In spite of his self-depreciation, he performed as artistic and painless an operation as I ever sat through.

While I was being shaved the loungers in the barber-shop entered into a conversation that revealed, as nothing else could have disclosed it, the deadly monotony of life in that little town. A hen cackled out-of-doors, and the loungers fell to questioning one another as to which hen had laid an egg.

"It must be the black one," said the barber.

"Yet it don't exactly sound like old blacky's cackle," said a more deliberate and careful speaker.

"'Pears to me 's though it might be the speckled un," ventured a third.

"She ain't never laid no eggs," said the barber.

"Could it be the bantam?" another inquired.

Thus they discussed with earnestness this most interesting event of the morning, until a young man darted into the room with his eyes lighted by excitement.

"Say, Bill," said he, almost breathlessly, "that's the speckled hen a-cackling, by thunder! She's laid an egg, I guess."

In Sproat's Landing we saw the nucleus of a railroad terminal point. The queer hotel was but little more peculiar than many of the people who gathered on the single street on pay-day to spend their hard-earned money upon a great deal of illicit whiskey and a few rude necessaries from the limited stock on sale in the stores. There never had been any grave disorder there, yet the floating population was as motley a collection of the riffraff of the border as one could well imagine, and there was only one policeman to enforce the law in a territory the size of Rhode Island. He was quite as remarkable in his way as any other development of that embryotic civilization. His name was Jack Kirkup, and all who knew him spoke of him as being physically the most superb example of manhood in the Dominion. Six feet and three inches in height, with the chest, neck, and limbs of a giant, his three hundred pounds of weight were so exactly his complement as to give him the symmetry of an Apollo. He was good-looking, with the beauty of a round-faced, good-natured boy, and his thick hair fell in a cluster of ringlets over his forehead and upon his neck. No knight of Arthur's circle can have been more picturesque a figure in the forest than this "Jack." He was as neat as a dandy. He wore high boots and corduroy knickerbockers, a flannel shirt and a sack-coat, and rode his big bay horse with the ease and grace of a Skobeleff. He smoked like a fire of green brush, but had never tasted liquor in his life. In a dozen years he had slept more frequently in the open air, upon pebble beds or in trenches in the snow, than upon ordinary bedding, and he exhibited, in his graceful movements, his sparkling eyes and ruddy cheeks, his massive frame and his imperturbable good-nature, a degree of health and vigor that would seem insolent to the average New Yorker. Now that the railroad was building, he kept ever on the trail, along what was called "the right of way"—going from camp to camp to "jump" whiskey peddlers and gamblers and to quell disorder—except on pay-day, once a month, when he stayed at Sproat's Landing.
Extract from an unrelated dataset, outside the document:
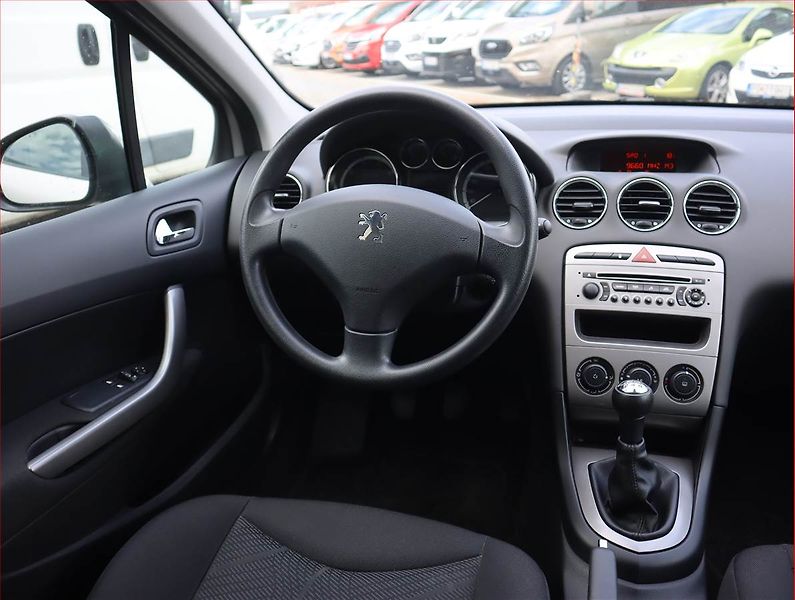 Peugeot 308 (2008) 1.4 VTi, Serv.kniha - fotka 7 z 14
The echoes of his fearless behavior and lively adventures rang in every gathering. The general tenor of the stories was to the effect that he usually gave one warning to evil-doers, and if they did not heed that he "cleaned them out." He carried a revolver, but never had used it. Even when the most notorious gambler on our border had crossed over into "Jack's" bailiwick the policeman depended upon his fists. He had met the gambler and had "advised" him to take the cars next day. The gambler, in reply, had suggested that both would get along more quietly if each mindedhis own affairs, whereupon Kirkup had said, "You hear me: take the cars out of here to-morrow." The little community (it was Donald, B. C., a very rough place at the time) held its breathing for twenty-four hours, and at the approach of train-time was on tiptoe with strained anxiety. At twenty minutes before the hour the policeman, amiable and easy-going as ever in appearance, began a tour of the houses. It was in a tavern that he found the gambler.

"You must take the train," said he.

"You can't make me," replied the gambler.
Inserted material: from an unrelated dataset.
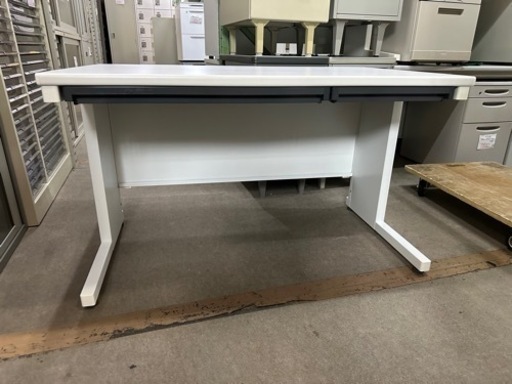 コクヨ　平机　幅120 奥70高さ70cm オフィス用家具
There were no more words. In two minutes the giant was carrying the limp body of the ruffian to a wagon, in which he drove him to the jail. There he washed the blood off the gambler's face and tidied his collar and scarf. From there the couple walked to the cars, where they parted amicably.

"I had to be a little rough," said Kirkup to the loungers at the station, "because he was armed like a pin-cushion, and I didn't want to have to kill him."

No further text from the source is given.